I remember when I had a choice to make of what college to attend after high school. I had applied to and been accepted by three universities in the State University of New York system. I visited all three but that only made my choice more difficult, as each had special qualities I liked. Someone gave me a good idea which helped a lot. I wrote positive and negative considerations in two columns for all 3 choices and then I looked to see objectively which choice had the most positive aspects listed. But then, I asked myself how I felt about that choice, and I knew instinctively that the one with the most ‘positives’ was not the one my heart was interested in.  I chose the college closest to home because I wanted to maintain some cherished friendships. That proved to be obviously the right choice for me, down the road.

Here is a poem by William Butler Yeats about ‘better choices’:

What Then?

His chosen comrades thought at school
He must grow a famous man;
He thought the same and lived by rule,
All his twenties crammed with toil;
‘What then?’ sang Plato’s ghost. ‘What then?’

Everything he wrote was read,
After certain years he won

Sufficient money for his need, Friends that have been friends indeed;

‘What then?’ sang Plato’s ghost. ‘ What then?’

All his happier dreams came true —
A small old house, wife, daughter, son,
Grounds where plum and cabbage grew,
poets and wits about him drew;
‘What then.?’ sang Plato’s ghost. ‘What then?’

The work is done,’ grown old he thought,
‘According to my boyish plan;
Let the fools rage, I swerved in naught,
Something to perfection brought’;
But louder sang that ghost, ‘What then?’

Yeats’ poem has an almost eerie quality to it in relation to the matter of discerning ‘better choices’. How can we choose proactively rather than having to look back in retrospect to see whether our choice has led to personal fulfilment, or not? Some of you might be familiar with the book The Journey of Souls by Dr. Michael Newton. This book puts the topic of better choices into a much larger scope. It deals –(whatever your personal approach, this book brings in  reincarnation as described under hypnosis by people being regressed)–with the question of whether in a given lifetime we have fulfilled our goal or learned our lessons of that lifetime! A more popular example of this idea is in the fun movie “Defending Your Life”, one of my favorites. Here, Albert Brooks plays a man who never takes risks, and in death he is put on trial, literally, to defend whether he made enough progress to “move on” or not. Meanwhile he has fallen in love in this afterlife realm with a character played by  Meryl Streep who has been a real hero in her life so she will obviously graduate to a higher plane! I like the general question being posed by both of these, and Yeats’ poem too. What is your life purpose? Why are YOU Here, in the largest sense, not just day to day?
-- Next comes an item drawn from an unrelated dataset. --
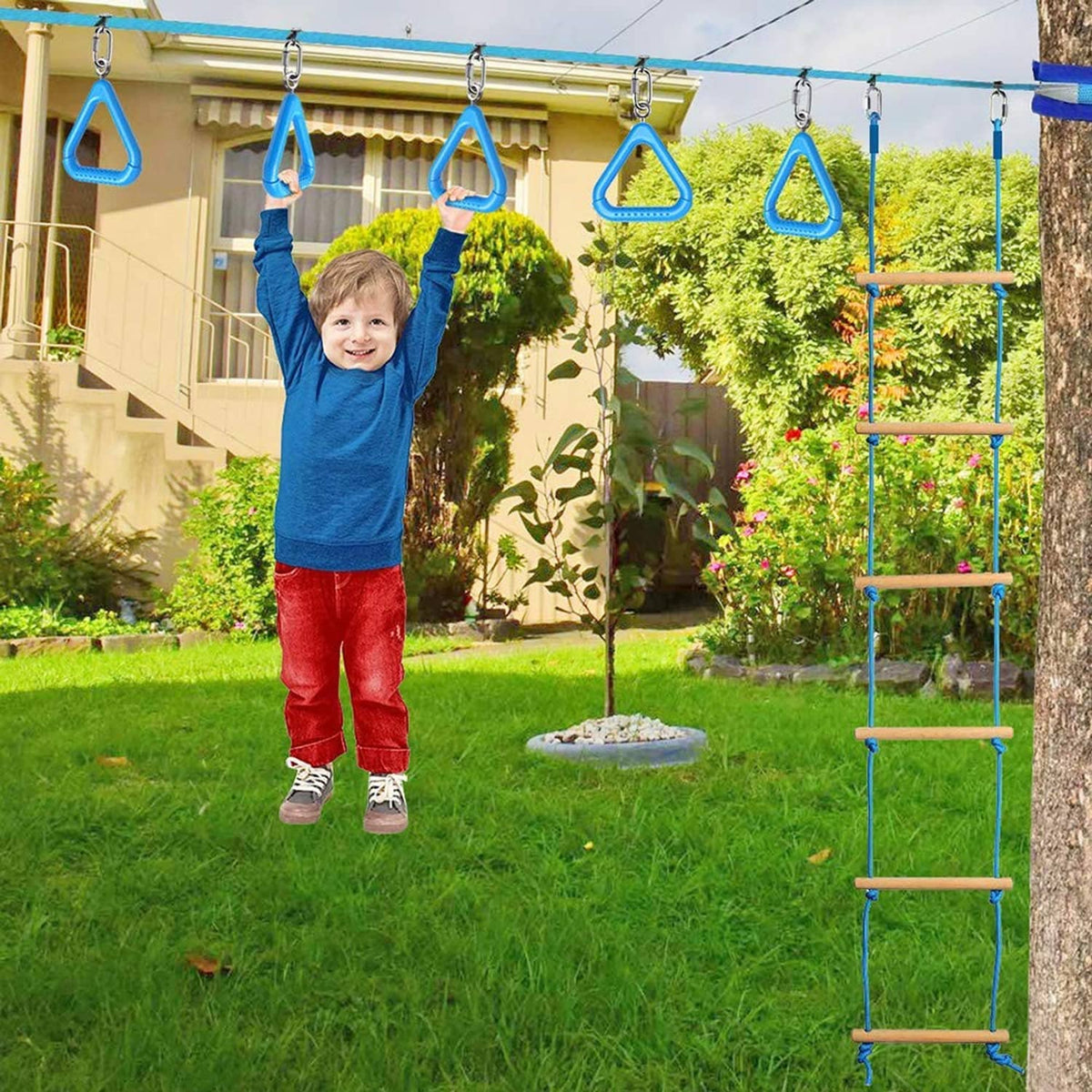 Blue trapeze swing bar rings attached to overhead play structure outdoors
My notion is that we should not wait until we are elderly, or until we pass on, to ask ourselves what we would really like to be fulfilling NOW, with THIS life, whatever the afterlife might have in store. (And BTW, what might be fulfilling to one might be as simple as an act of kindness  or learning to give love unconditionally.)  Here and Now we do have some control over our conscious choices. For myself I intend to ‘accomplish’ all I can spiritually, and take that forward.

Do you have a Life Dream? That may be all the North Star you need to arrive at your own better choices.